- Interactive map of Gmina Wojciechowice
- Coordinates (Wojciechowice): 50°50′41″N 21°35′12″E﻿ / ﻿50.84472°N 21.58667°E
- Country: Poland
- Voivodeship: Świętokrzyskie
- County: Opatów
- Seat: Wojciechowice

Area
- • Total: 86.37 km^{2} (33.35 sq mi)

Population (2006)
- • Total: 4,481
- • Density: 51.88/km^{2} (134.4/sq mi)

= Gmina Wojciechowice =

Gmina Wojciechowice is a rural gmina (administrative district) in Opatów County, Świętokrzyskie Voivodeship, in south-central Poland. Its seat is the village of Wojciechowice, which lies approximately 13 km east of Opatów and 69 km east of the regional capital Kielce.

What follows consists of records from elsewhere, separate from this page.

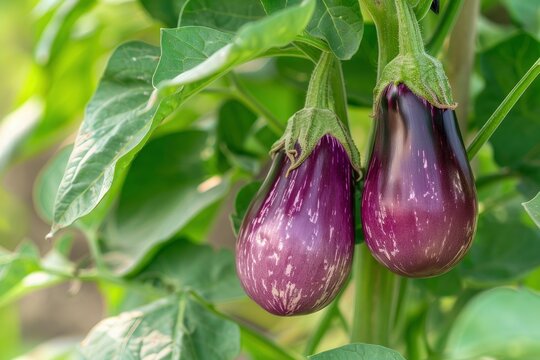 A blurred background surrounds two purple eggplants hanging on a plant in an orchard.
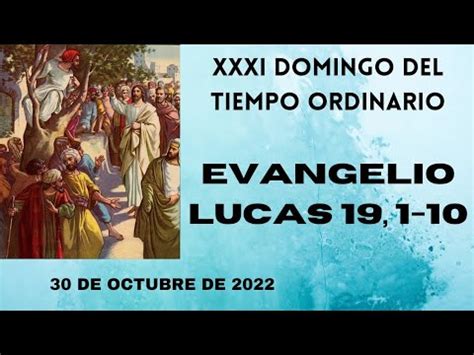 Xxxi Domingo Del Tiempo Ordinario Evangelio Lucas De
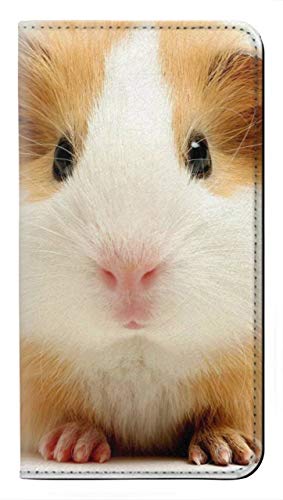 Étui Cochon d'Inde Samsung Note 20 pour éviter rayures et chocs d'écran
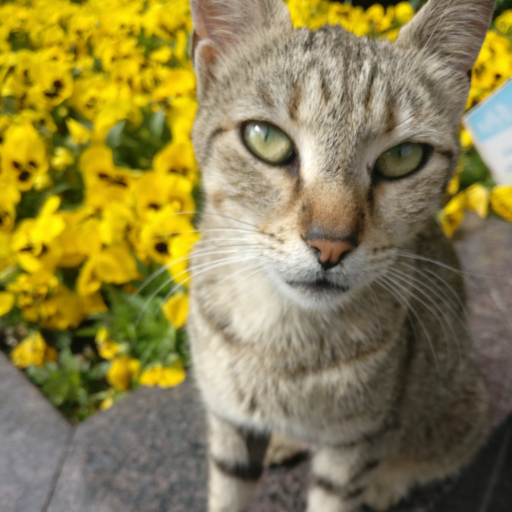 bolivarcikedi's profile picture. kedidir kedi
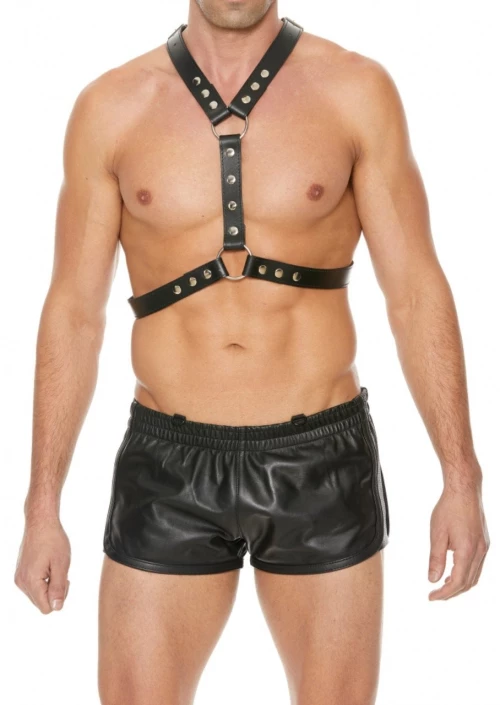 Harness With Metal Spots - Black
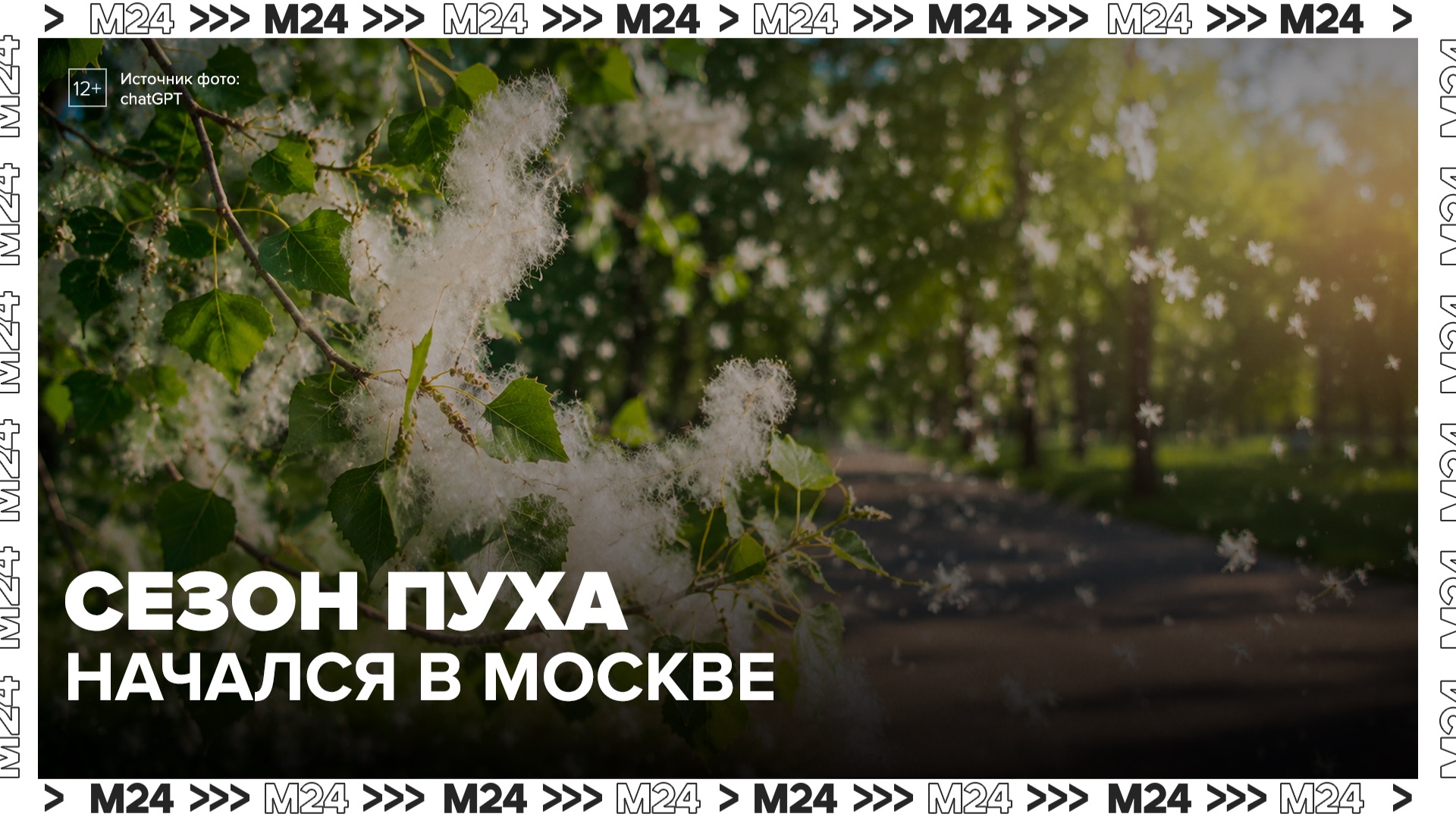 Ботаник объяснила раннее появление тополиного пуха в России - Москва 24 смотреть онлайн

The gmina covers an area of 86.37 km2, and as of 2006 its total population is 4,481.

==Villages==
Gmina Wojciechowice contains the villages and settlements of Bidziny, Drygulec, Gierczyce, Jasice, Kaliszany, Koszyce, Kunice, Łany, Lisów, Łopata, Ługi, Łukawka, Mierzanowice, Mikułowice, Nowa Wieś, Orłowiny, Podgajcze, Podkoszyce, Podlisów, Podłukawka, Sadłowice, Smugi, Stodoły, Stodoły-Kolonie, Wlonice and Wojciechowice.

==Neighbouring gminas==
Gmina Wojciechowice is bordered by the gminas of Ćmielów, Lipnik, Opatów, Ożarów and Wilczyce.